-- Your task --
Write out exactly, excluding pictures, the lines from the one containing "Bottomley: Virginia Bottomley MP" through the end of the data, both included.

-- Materials provided --
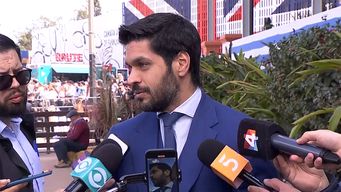 menos mal que se metio: ojeda respaldo defensa de lacalle pou a la reforma de la seguridad social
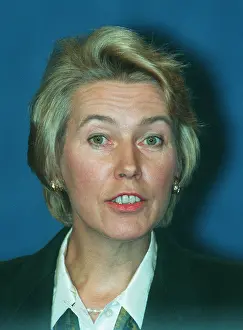 Bottomley: Virginia Bottomley MP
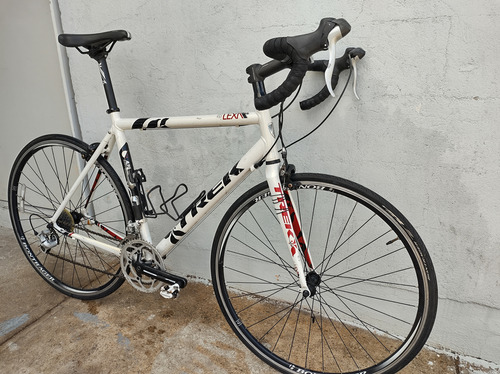 Bicicleta Trek Lexa 2015 Mujer Rodado 700 16 Velocidades Blanco M
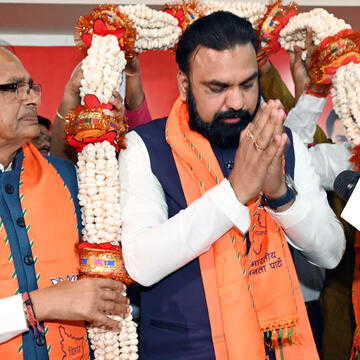 भाजपा के पहले मुख्यमंत्री होंगे सम्राट चौधरी, उनके नेतृत्व में नई सरकार के गठन की तैयारी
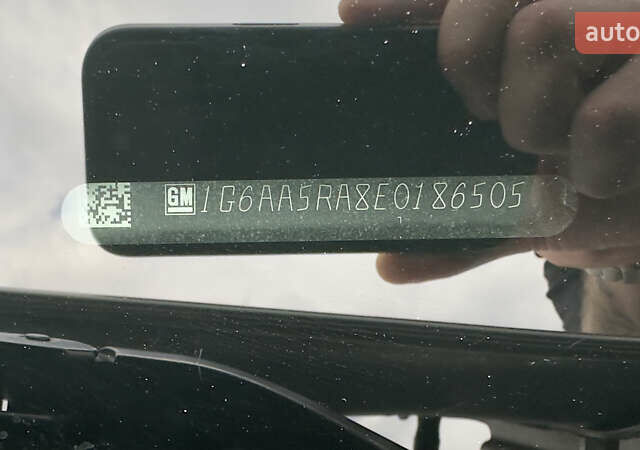 Серый Кадиллак АТС, объемом двигателя 2.5 л и пробегом 170 тыс. км за 9500 $, фото 23 на Automoto.ua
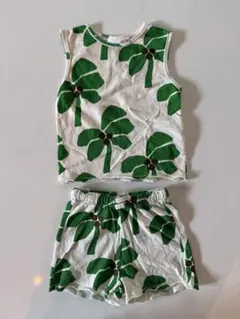 Zara セットアップ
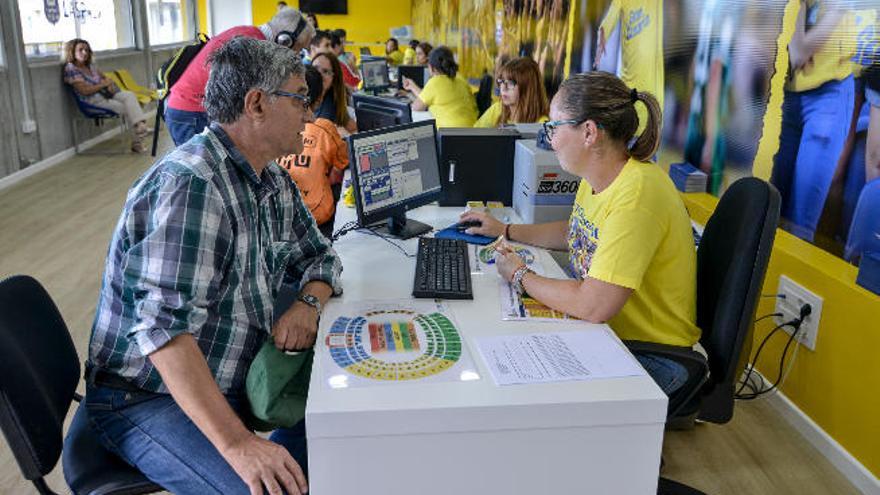 El club amplía el plazo hasta el día 25 de este mes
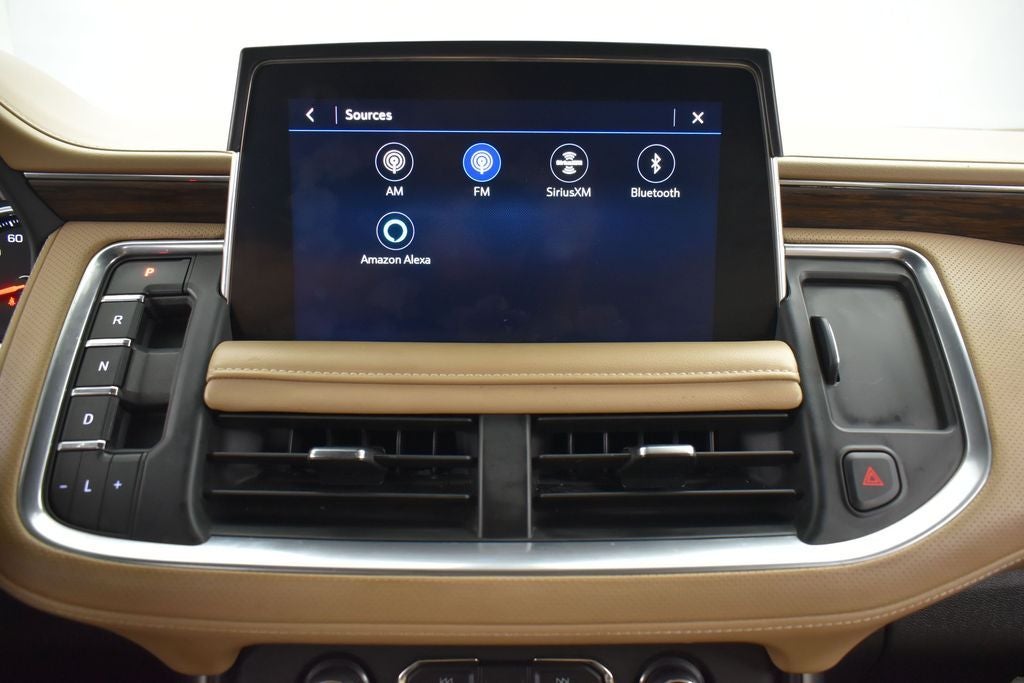 2021 Chevrolet Tahoe Premier
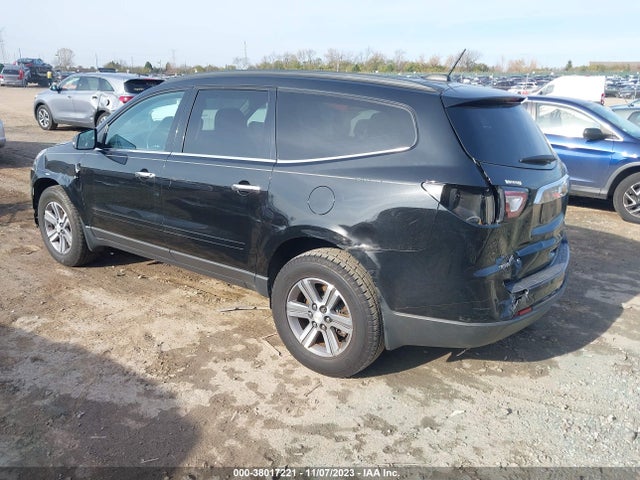 Chevrolet Traverse Lt 2017 1GNKRGKD3HJ344071 Image 3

-- Response to the exercise --
 Bottomley: Virginia Bottomley MP
 Bicicleta Trek Lexa 2015 Mujer Rodado 700 16 Velocidades Blanco M
 भाजपा के पहले मुख्यमंत्री होंगे सम्राट चौधरी, उनके नेतृत्व में नई सरकार के गठन की तैयारी
 Серый Кадиллак АТС, объемом двигателя 2.5 л и пробегом 170 тыс. км за 9500 $, фото 23 на Automoto.ua
 Zara セットアップ
 El club amplía el plazo hasta el día 25 de este mes
 2021 Chevrolet Tahoe Premier
 Chevrolet Traverse Lt 2017 1GNKRGKD3HJ344071 Image 3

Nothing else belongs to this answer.